Nearly 90,000 Rohingya have fled to Bangladesh since violence erupted in Myanmar in August, pressuring scarce resources of aid agencies and communities already helping hundreds of thousands of refugees from previous spasms of violence in Myanmar.
The violence in Myanmar was set off by a coordinated attack on Aug 25 on dozens of police posts and an army base by Rohingya insurgents. The ensuing clashes and a major military counter-offensive have killed at least 400 people.
Myanmar officials blamed the Rohingya militants for the burning of homes and civilian deaths but rights monitors and Rohingya fleeing to neighbouring Bangladesh say a campaign of arson and killings by the Myanmar army aims to force them out.
The treatment of Buddhist-majority Myanmar's roughly 1.1 million Muslim Rohingya is the biggest challenge facing leader Aung San Suu Kyi (photo), accused by Western critics of not speaking out for the minority that has long complained of persecution.
The number of those crossing the border - 87,000 - surpassed the total of Rohingya who escaped Myanmar after a much smaller insurgent attack in October that set off a military operation beset by accusations of serious human rights abuses.
The newest estimate, based on the calculations of United Nations' aid workers in the Bangladeshi border district of Cox's Bazar, takes to nearly 150,000 the total number of Rohingya who have sought refuge in Bangladesh since October.
"We are trying to build houses here, but there isn't enough space," said Mohammed Hussein, 25, who is still looking for a place to stay after fleeing Myanmar four days ago.
"No non-government organisations came here. We have no food. Some women gave birth on the roadside. Sick children have no treatment here."
An unofficial camp for Rohingya refugees that sprang up at Balukhali after the October attacks is being dramatically expanded. Hundreds of Rohingya milled beside the road while others slung tarpaulins over bamboo frames to make rickety
shelters against the monsoon rains.
More than 11,700 "ethnic residents" have been evacuated from northern Rakhine, the government has said, referring to non-Muslims.

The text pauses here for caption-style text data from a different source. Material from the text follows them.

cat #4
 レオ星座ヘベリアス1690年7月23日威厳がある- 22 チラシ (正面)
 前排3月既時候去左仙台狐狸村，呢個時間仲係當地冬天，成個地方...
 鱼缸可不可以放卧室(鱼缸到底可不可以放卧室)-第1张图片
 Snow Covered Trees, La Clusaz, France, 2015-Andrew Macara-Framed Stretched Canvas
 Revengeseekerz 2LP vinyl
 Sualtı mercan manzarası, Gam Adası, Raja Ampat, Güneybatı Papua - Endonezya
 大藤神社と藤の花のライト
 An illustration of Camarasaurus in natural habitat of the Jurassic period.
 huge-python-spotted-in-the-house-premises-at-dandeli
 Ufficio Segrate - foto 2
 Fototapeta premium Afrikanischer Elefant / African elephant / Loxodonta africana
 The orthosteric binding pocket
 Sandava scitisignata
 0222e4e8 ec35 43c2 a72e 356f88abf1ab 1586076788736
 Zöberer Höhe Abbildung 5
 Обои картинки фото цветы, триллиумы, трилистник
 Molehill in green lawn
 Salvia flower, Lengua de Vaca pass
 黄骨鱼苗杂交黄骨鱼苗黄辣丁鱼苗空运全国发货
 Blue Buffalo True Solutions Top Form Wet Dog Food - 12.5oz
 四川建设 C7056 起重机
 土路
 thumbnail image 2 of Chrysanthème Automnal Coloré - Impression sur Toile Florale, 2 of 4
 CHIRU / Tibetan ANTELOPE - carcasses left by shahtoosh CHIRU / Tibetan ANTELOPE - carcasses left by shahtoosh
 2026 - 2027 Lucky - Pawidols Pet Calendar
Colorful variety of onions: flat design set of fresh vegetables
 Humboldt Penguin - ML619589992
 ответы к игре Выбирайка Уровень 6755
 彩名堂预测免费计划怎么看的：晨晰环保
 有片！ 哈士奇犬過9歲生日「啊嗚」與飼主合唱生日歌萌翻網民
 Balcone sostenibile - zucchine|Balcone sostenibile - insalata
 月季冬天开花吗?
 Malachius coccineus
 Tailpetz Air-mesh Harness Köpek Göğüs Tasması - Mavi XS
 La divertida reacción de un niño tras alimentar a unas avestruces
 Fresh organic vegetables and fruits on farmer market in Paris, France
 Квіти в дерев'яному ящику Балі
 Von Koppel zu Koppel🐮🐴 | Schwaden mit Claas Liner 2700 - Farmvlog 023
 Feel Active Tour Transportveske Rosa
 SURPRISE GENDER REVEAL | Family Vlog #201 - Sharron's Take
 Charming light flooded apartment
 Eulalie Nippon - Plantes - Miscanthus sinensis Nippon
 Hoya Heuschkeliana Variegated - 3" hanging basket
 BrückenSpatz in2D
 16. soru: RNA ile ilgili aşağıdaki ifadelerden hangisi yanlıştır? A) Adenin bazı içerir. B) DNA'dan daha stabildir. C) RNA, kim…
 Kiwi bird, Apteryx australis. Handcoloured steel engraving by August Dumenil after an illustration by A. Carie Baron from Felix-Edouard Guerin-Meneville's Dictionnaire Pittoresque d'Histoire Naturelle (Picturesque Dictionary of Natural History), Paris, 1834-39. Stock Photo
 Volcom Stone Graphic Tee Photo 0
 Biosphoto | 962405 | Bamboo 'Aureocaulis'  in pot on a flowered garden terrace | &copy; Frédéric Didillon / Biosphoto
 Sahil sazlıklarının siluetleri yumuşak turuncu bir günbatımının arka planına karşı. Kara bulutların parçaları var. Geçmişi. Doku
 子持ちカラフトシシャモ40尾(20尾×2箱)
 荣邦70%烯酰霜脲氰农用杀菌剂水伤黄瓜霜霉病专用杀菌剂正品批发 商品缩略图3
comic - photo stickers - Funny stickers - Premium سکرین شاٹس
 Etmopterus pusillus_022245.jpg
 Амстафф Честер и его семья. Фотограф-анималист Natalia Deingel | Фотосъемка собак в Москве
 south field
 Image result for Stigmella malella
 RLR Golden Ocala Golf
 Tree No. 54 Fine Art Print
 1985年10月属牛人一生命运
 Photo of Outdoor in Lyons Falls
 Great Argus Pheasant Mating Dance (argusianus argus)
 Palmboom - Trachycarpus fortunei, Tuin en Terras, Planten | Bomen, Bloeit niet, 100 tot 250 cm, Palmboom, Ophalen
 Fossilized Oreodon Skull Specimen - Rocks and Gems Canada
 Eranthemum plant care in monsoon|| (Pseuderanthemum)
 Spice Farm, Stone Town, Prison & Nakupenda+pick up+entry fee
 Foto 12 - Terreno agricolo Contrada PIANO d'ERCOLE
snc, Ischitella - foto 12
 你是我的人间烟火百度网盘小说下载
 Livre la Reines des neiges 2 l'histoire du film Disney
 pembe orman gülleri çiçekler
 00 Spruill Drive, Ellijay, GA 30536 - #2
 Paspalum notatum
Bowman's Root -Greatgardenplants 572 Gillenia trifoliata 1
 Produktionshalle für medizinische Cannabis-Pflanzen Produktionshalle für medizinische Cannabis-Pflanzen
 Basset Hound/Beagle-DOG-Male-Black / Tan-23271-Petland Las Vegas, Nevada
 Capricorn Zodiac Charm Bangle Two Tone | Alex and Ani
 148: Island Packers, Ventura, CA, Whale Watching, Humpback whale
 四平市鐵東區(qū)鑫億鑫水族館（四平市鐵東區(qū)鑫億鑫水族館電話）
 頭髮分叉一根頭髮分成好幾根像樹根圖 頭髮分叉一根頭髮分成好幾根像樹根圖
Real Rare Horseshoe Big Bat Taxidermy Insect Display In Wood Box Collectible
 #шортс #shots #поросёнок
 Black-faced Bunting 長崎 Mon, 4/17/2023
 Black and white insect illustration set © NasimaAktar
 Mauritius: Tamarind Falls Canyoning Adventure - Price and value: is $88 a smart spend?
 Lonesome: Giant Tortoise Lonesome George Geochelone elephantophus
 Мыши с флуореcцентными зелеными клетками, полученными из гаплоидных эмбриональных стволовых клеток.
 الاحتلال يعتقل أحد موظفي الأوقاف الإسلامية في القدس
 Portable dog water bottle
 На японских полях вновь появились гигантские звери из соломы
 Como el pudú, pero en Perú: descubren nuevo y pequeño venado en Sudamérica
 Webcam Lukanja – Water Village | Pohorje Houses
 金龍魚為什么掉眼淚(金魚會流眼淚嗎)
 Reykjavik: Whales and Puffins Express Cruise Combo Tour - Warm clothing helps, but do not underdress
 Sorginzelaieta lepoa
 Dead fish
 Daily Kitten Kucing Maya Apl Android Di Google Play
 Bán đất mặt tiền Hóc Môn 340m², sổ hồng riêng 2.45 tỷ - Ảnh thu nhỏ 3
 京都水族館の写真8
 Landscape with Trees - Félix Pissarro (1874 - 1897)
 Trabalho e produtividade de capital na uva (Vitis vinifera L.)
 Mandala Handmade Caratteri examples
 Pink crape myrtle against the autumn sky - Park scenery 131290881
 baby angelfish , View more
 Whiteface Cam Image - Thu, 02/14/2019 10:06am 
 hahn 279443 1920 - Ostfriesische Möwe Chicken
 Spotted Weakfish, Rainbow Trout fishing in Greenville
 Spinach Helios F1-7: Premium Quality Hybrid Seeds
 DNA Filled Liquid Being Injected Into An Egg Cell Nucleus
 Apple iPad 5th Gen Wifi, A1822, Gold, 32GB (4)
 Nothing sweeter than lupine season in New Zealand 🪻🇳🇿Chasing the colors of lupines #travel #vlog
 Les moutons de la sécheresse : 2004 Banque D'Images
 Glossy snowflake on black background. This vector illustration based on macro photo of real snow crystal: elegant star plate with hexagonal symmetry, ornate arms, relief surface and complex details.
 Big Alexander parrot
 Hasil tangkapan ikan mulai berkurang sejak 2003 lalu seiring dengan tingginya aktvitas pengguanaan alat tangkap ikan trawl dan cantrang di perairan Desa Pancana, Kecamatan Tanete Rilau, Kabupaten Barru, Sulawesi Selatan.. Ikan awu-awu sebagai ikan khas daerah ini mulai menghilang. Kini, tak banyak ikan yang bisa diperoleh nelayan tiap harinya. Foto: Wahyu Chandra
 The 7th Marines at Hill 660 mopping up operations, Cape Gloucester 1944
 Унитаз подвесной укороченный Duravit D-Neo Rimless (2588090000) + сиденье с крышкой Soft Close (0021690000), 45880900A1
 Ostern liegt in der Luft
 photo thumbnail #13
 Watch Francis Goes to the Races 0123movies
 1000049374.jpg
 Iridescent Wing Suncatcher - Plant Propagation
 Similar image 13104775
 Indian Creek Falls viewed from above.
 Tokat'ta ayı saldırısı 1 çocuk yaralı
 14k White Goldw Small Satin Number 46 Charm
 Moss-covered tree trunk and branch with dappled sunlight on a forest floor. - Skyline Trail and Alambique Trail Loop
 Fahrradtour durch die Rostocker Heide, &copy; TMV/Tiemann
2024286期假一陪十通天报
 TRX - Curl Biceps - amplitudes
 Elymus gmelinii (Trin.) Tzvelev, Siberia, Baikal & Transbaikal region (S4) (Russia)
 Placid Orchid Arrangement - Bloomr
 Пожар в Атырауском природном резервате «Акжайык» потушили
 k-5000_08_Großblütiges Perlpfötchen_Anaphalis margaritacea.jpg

Turkish President Tayyip Erdogan, who said last Friday that violence against Muslims amounted to genocide, had earlier in the week called Bangladesh's President Abdul Hamid to offer help in sheltering the fleeing Rohingya, the South Asian nation's Foreign Ministry said.
The statement did not clarify if financial assistance was offered.
Indonesian Foreign Minister Retno Marsudi will meet Suu Kyi and other officials in Myanmar today, to urge a halt to the violence after a petrol bomb was thrown at the Myanmar Embassy in Jakarta over the weekend.